In March it was the turn of The Old Lady to suffer a rough patch, they only won a single game, drawing three. Temporarily allowing Sven Goran Eriksson’s Lazio to enter the title race for a couple of weeks. Juve’s dip in form coincided with the return of the Champions League, which pitted them against Dynamo Kiev. Inter were also in European action, taking on Schalke in the quarter final of the UEFA Cup.
Marcello Lippi’s side however ended a lackluster month in style by dishing out a 4-1 hammering to Milan in what was turning out to be a horror show of a season for the returning Fabio Capello, this defeat had followed a 3 – 0 defeat to Inter in the Derby Della Madonnina a week prior, proving that the idea of minestra riscaldata (reheated soup) rarely succeeds.
The season was now edging towards the final straight and April saw both challengers hit full steam, winning all of their games and conceding only one goal between them. Further to this both sides booked their places in the final of the Champions League and the UEFA Cup. On April 26th the pair would clash in what most expected to be the title decider: Juve vs Inter, Del Piero vs Ronaldo, the game’s two best players, the entire season would boil down to this game. The stakes couldn’t get any higher.

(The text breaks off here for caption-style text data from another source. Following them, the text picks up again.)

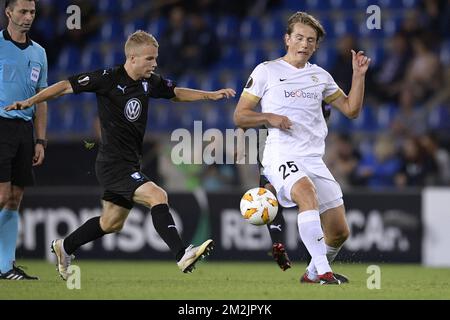 Der Mittelfeldspieler Oscar Lewicki von Malmo FF und Sander Berge von Genk kämpfen um den Ball während des Spiels zwischen der belgischen Fußballmannschaft KRC Genk und dem schwedischen Verein Malmo FF in Genk, Donnerstag, den 20. September 2018, am ersten Tag der Gruppenbühne der UEFA Europa League. BELGA FOTO YORICK JANSENS Stockfoto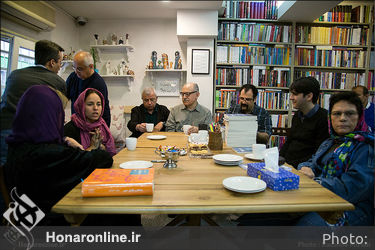 کتاب‌گردی هنرمندان و فرهنگیان در نشر مرکز2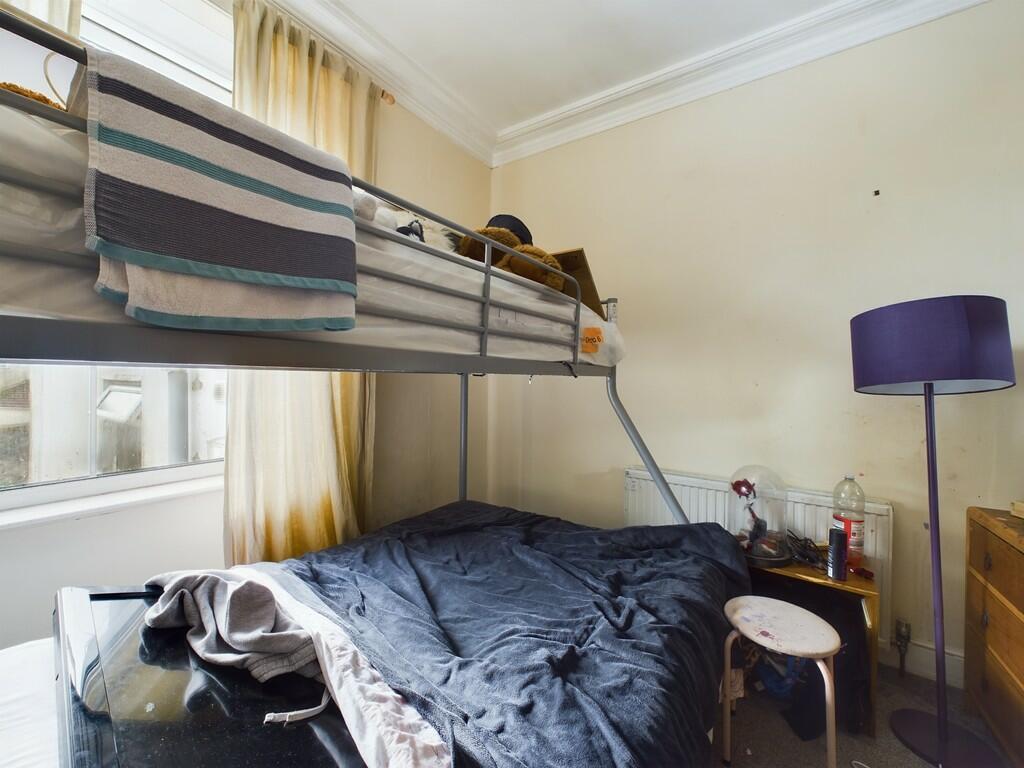 CAM02089G0-PR0337...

To put into perspective of how infamous this game on that Sunday became, one has to take into account that despite this fixture being dubbed the ‘Derby d’Italia’, it was always a ‘derby’ based on sporting excellence. The term first coined by legendary Italian journalist Gianni Brera in the 1960s. There was little in the way of controversy between both clubs throughout the 20th century. By the conclusion of this match however, the entire fabric of this fixture would never be the same again.
The match kicked off at a belting pace, both sides at full strength. Juve took the lead when Edgar Davids fed Del Piero the ball on the left hand side of the pitch, the Italian sped into the Inter penalty box and was confronted by Salvatore Fresi. Del Piero dashed past Fresi and attempted to shoot with his left foot, however the ball stuck under his foot and as Fresi tried to change his momentum, the ball fell kindly to the Padova native - this time on his right foot - and snookered the ball into opposite corner.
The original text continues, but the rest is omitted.